• _What the exercise asks_
Only the text of the entries below should appear in your exact transcription; leave out every picture.

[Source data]
▼
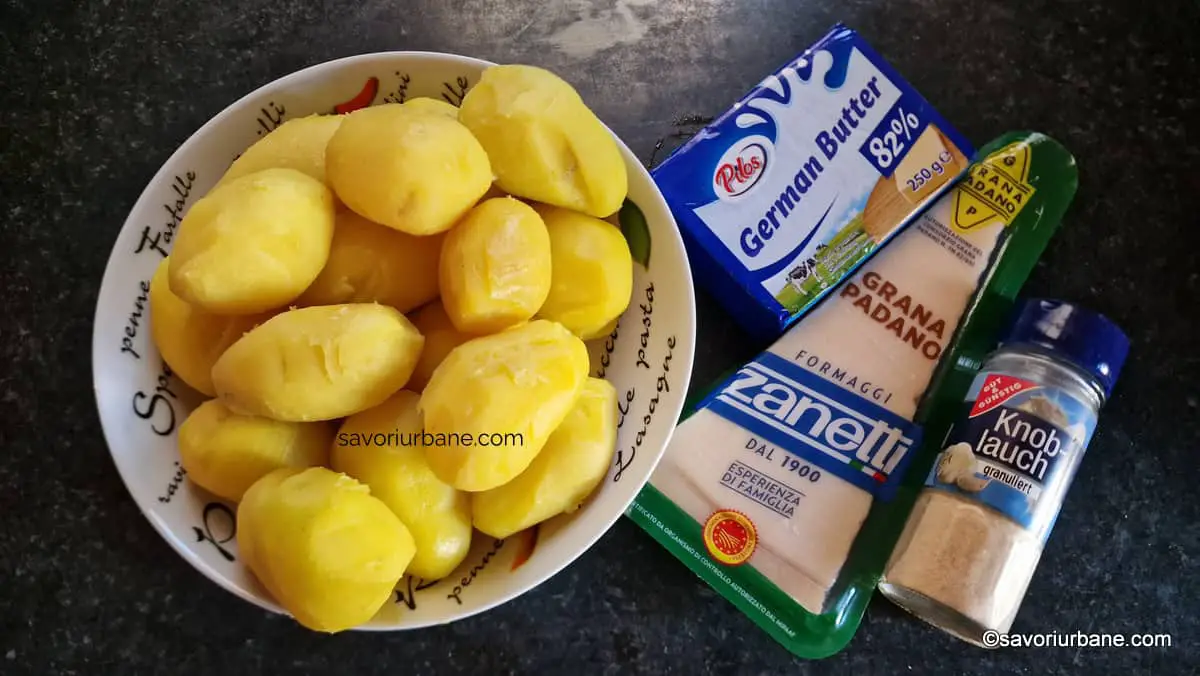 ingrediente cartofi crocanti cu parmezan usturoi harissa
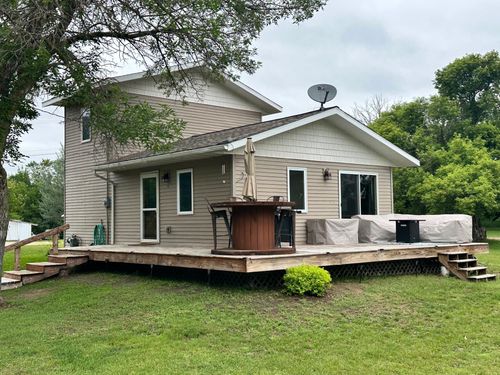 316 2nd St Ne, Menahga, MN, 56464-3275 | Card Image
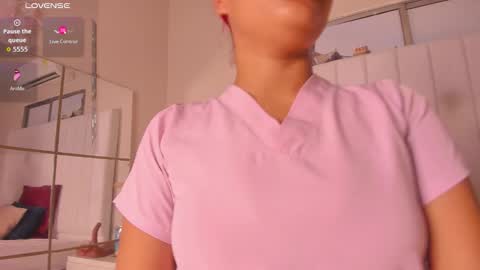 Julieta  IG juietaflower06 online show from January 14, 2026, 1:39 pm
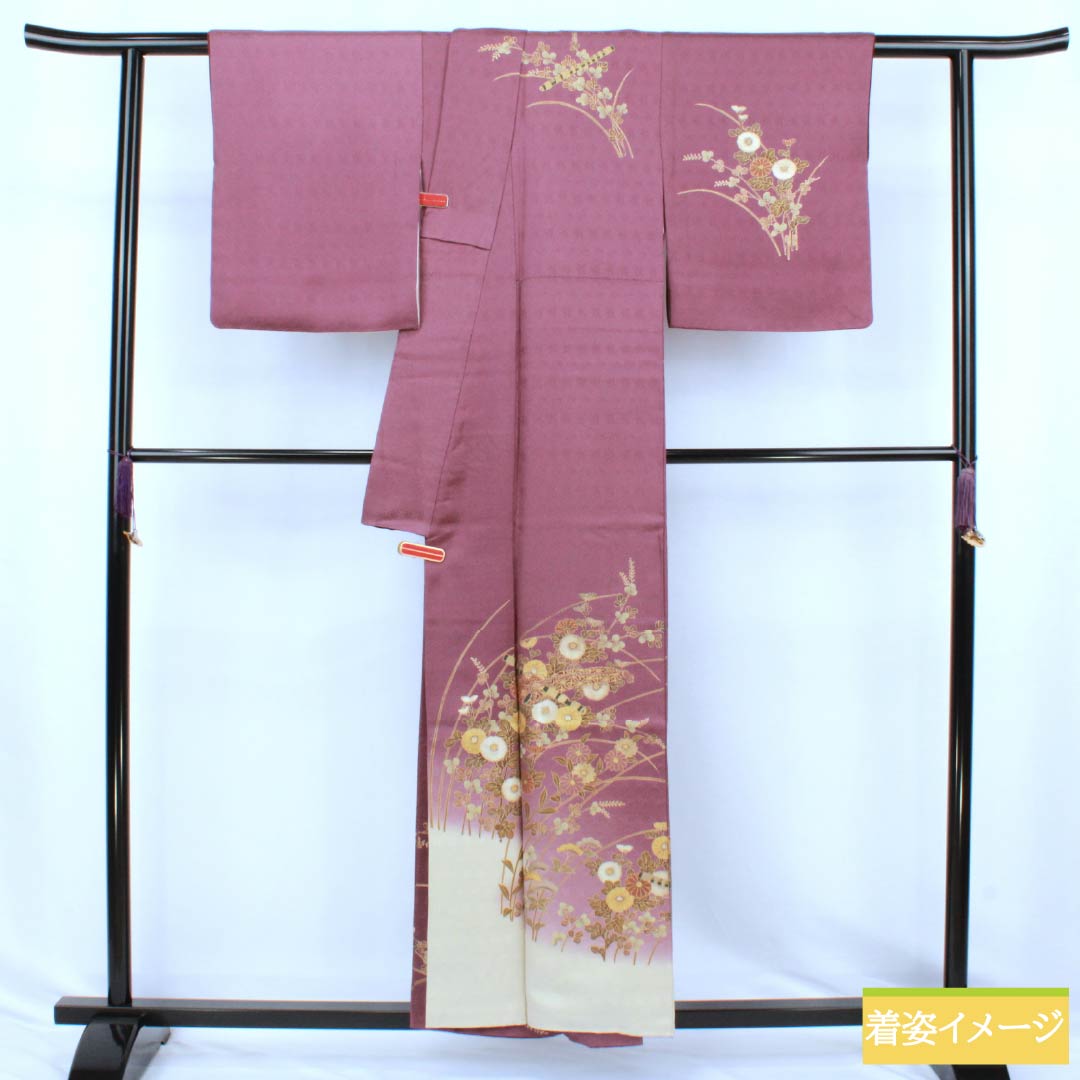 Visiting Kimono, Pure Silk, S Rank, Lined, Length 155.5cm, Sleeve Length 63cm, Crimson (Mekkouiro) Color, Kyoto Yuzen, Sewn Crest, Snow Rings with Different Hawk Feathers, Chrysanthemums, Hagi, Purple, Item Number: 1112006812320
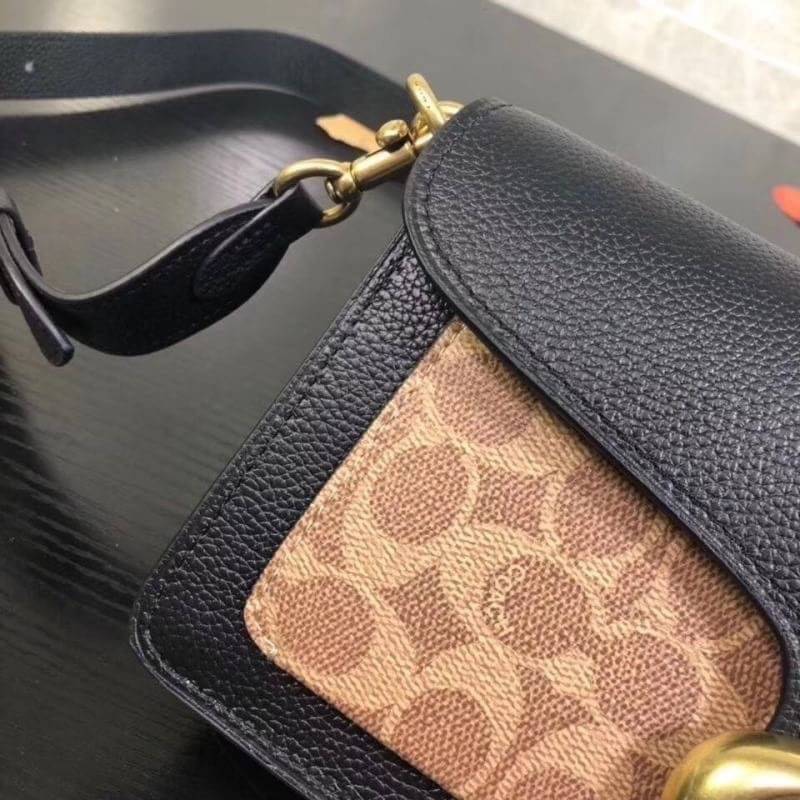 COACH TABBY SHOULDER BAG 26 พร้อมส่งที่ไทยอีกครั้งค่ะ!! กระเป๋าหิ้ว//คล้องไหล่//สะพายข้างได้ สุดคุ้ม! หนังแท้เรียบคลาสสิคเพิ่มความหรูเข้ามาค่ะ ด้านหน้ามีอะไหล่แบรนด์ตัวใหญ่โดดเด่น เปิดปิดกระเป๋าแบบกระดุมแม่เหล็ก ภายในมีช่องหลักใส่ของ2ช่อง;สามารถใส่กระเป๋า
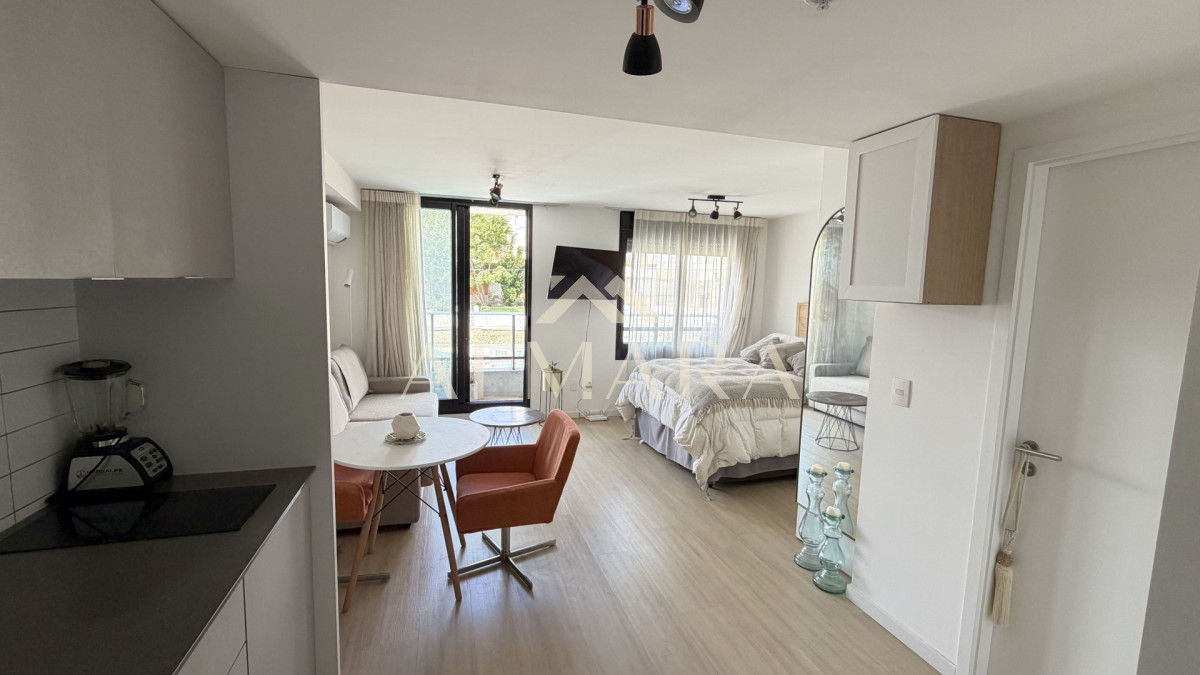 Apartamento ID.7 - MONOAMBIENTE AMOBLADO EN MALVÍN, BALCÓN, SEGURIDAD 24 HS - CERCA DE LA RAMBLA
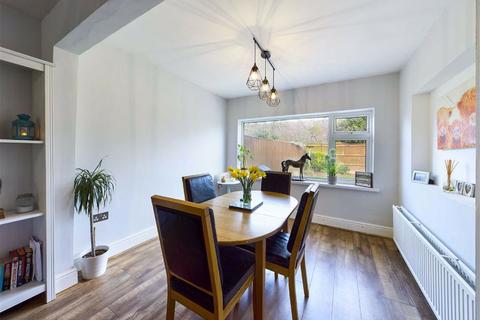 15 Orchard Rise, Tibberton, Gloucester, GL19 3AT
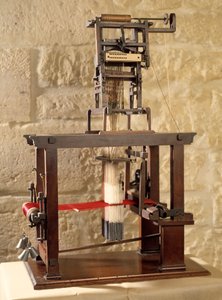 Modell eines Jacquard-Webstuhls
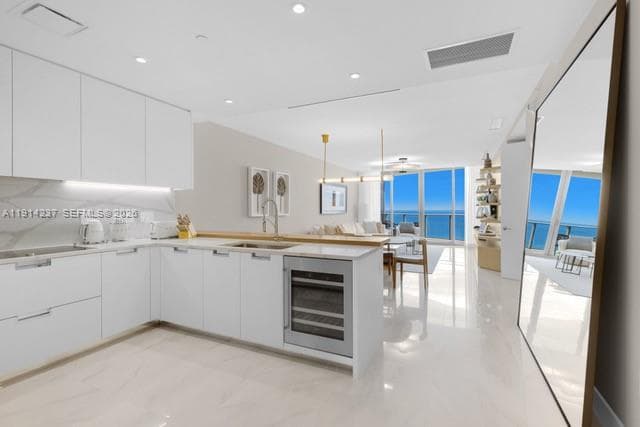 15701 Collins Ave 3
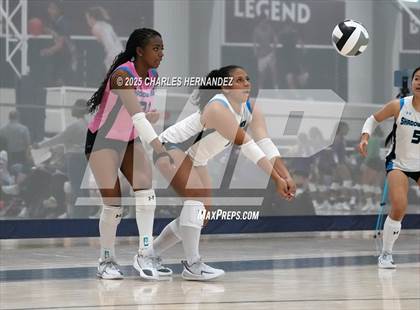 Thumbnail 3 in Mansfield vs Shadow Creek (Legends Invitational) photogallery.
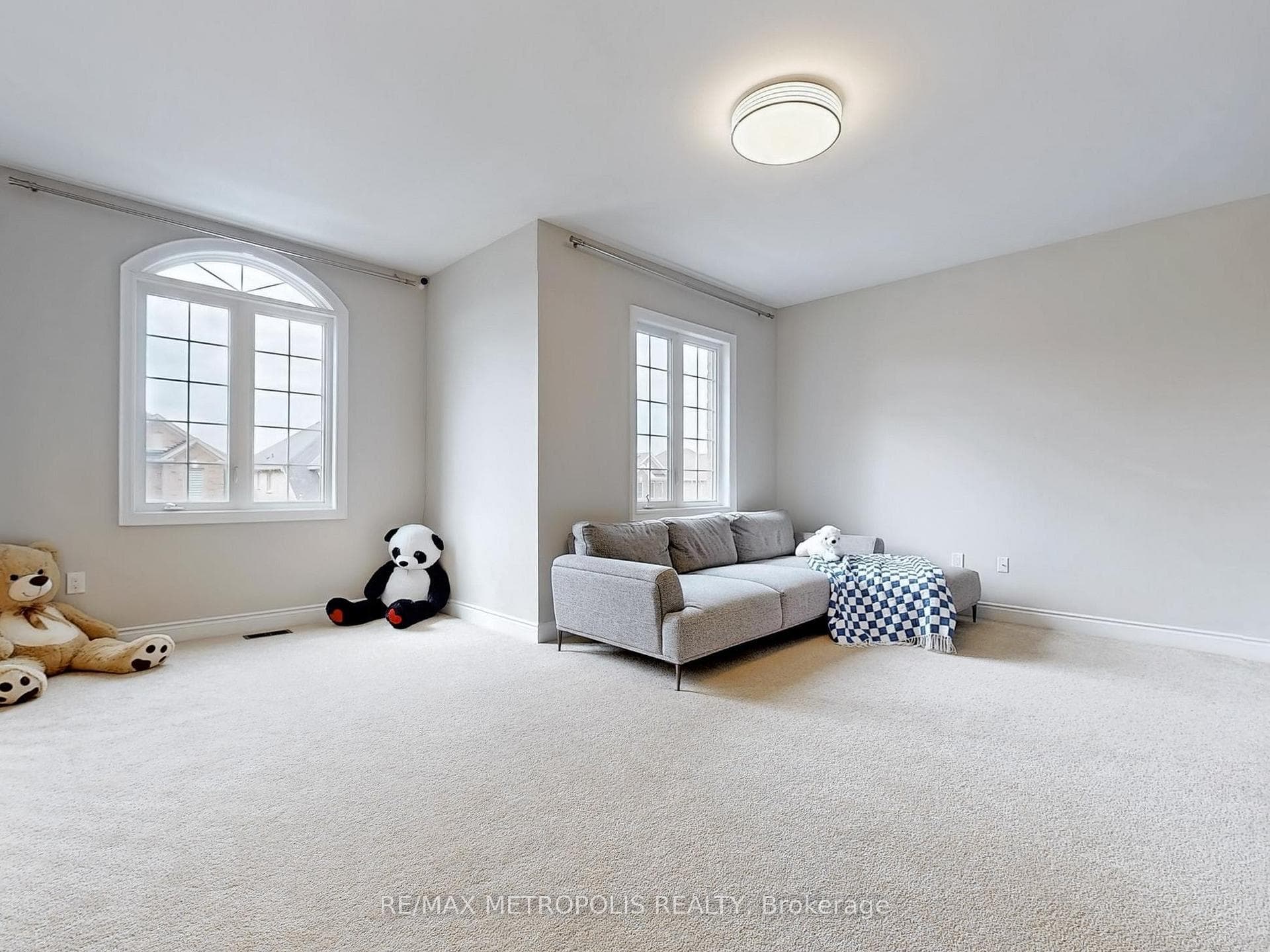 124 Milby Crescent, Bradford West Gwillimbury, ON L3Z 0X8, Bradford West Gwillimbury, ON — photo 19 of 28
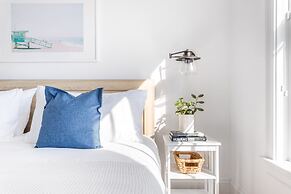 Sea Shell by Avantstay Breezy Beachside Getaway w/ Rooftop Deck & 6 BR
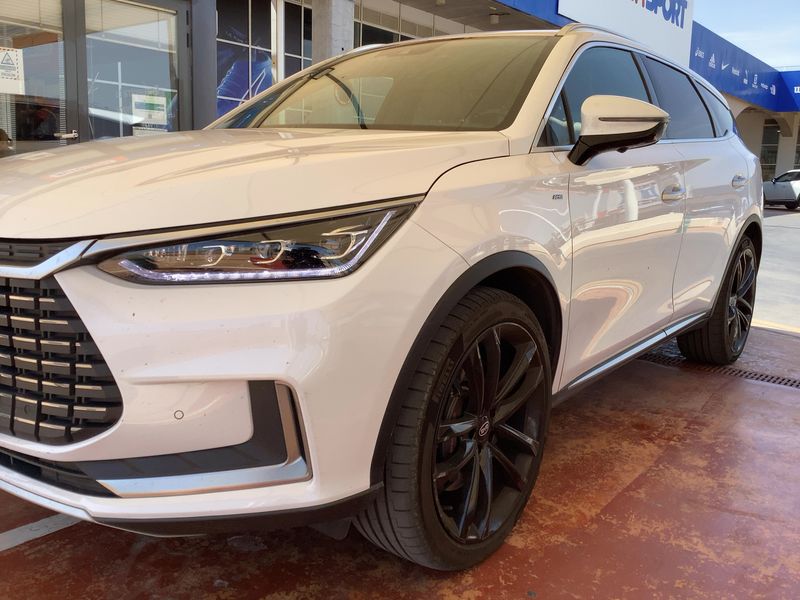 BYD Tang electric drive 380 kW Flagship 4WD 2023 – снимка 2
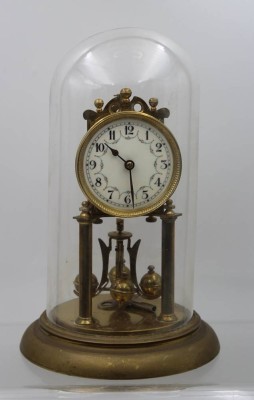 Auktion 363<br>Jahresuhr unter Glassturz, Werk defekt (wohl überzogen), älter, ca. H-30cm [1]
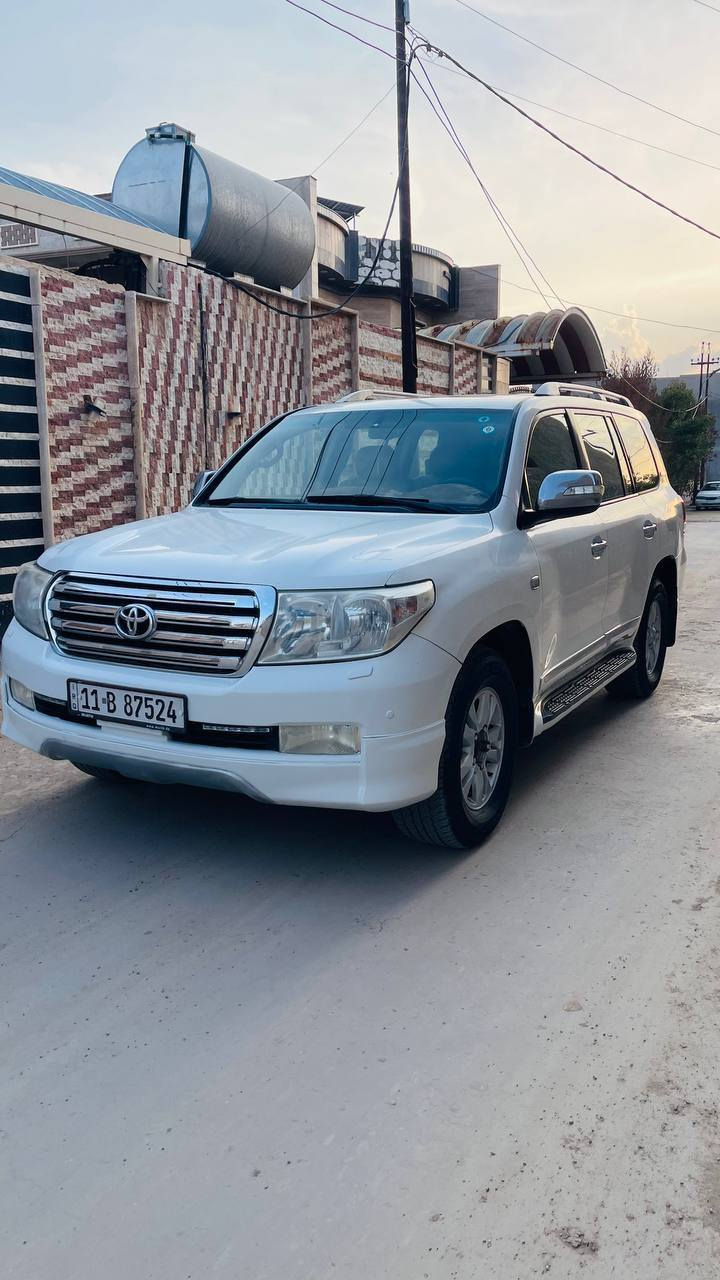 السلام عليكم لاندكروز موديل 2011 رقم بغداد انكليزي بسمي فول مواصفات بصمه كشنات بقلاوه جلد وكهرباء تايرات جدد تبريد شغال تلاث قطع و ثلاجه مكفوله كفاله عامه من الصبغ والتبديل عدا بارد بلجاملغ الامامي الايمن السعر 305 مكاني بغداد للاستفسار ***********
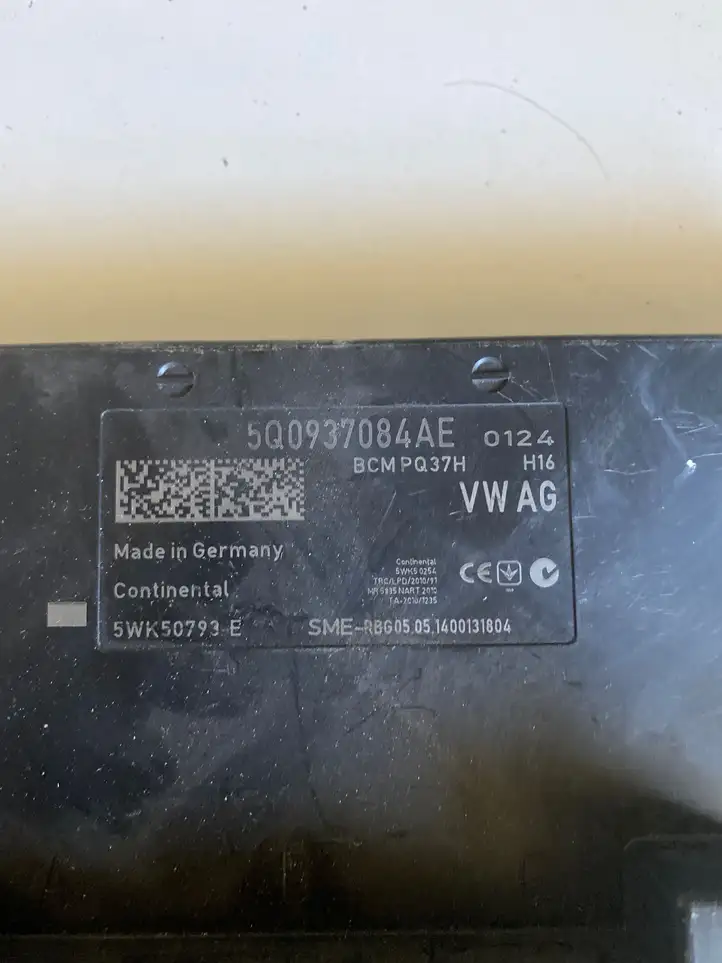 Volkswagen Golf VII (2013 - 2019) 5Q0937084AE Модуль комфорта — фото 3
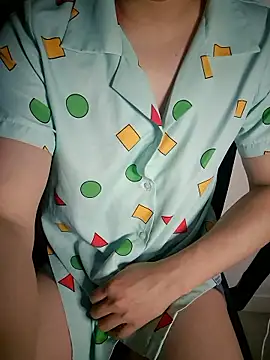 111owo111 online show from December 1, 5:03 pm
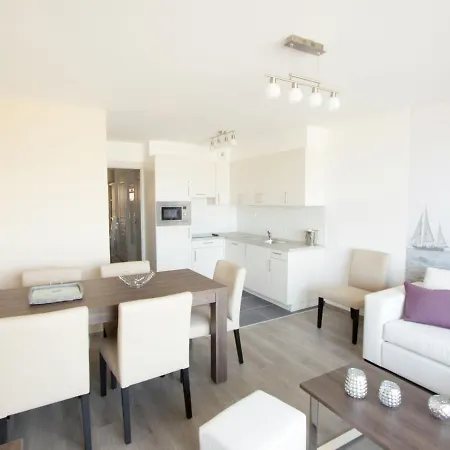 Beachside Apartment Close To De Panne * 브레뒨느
▲
• _Solved exercise_
 ingrediente cartofi crocanti cu parmezan usturoi harissa
 316 2nd St Ne, Menahga, MN, 56464-3275 | Card Image
 Julieta  IG juietaflower06 online show from January 14, 2026, 1:39 pm
 Visiting Kimono, Pure Silk, S Rank, Lined, Length 155.5cm, Sleeve Length 63cm, Crimson (Mekkouiro) Color, Kyoto Yuzen, Sewn Crest, Snow Rings with Different Hawk Feathers, Chrysanthemums, Hagi, Purple, Item Number: 1112006812320
 COACH TABBY SHOULDER BAG 26 พร้อมส่งที่ไทยอีกครั้งค่ะ!! กระเป๋าหิ้ว//คล้องไหล่//สะพายข้างได้ สุดคุ้ม! หนังแท้เรียบคลาสสิคเพิ่มความหรูเข้ามาค่ะ ด้านหน้ามีอะไหล่แบรนด์ตัวใหญ่โดดเด่น เปิดปิดกระเป๋าแบบกระดุมแม่เหล็ก ภายในมีช่องหลักใส่ของ2ช่อง;สามารถใส่กระเป๋า
 Apartamento ID.7 - MONOAMBIENTE AMOBLADO EN MALVÍN, BALCÓN, SEGURIDAD 24 HS - CERCA DE LA RAMBLA
 15 Orchard Rise, Tibberton, Gloucester, GL19 3AT
 Modell eines Jacquard-Webstuhls
 15701 Collins Ave 3
 Thumbnail 3 in Mansfield vs Shadow Creek (Legends Invitational) photogallery.
 124 Milby Crescent, Bradford West Gwillimbury, ON L3Z 0X8, Bradford West Gwillimbury, ON — photo 19 of 28
 Sea Shell by Avantstay Breezy Beachside Getaway w/ Rooftop Deck & 6 BR
 BYD Tang electric drive 380 kW Flagship 4WD 2023 – снимка 2
 Auktion 363<br>Jahresuhr unter Glassturz, Werk defekt (wohl überzogen), älter, ca. H-30cm [1]
 السلام عليكم لاندكروز موديل 2011 رقم بغداد انكليزي بسمي فول مواصفات بصمه كشنات بقلاوه جلد وكهرباء تايرات جدد تبريد شغال تلاث قطع و ثلاجه مكفوله كفاله عامه من الصبغ والتبديل عدا بارد بلجاملغ الامامي الايمن السعر 305 مكاني بغداد للاستفسار ***********
 Volkswagen Golf VII (2013 - 2019) 5Q0937084AE Модуль комфорта — фото 3
 111owo111 online show from December 1, 5:03 pm
 Beachside Apartment Close To De Panne * 브레뒨느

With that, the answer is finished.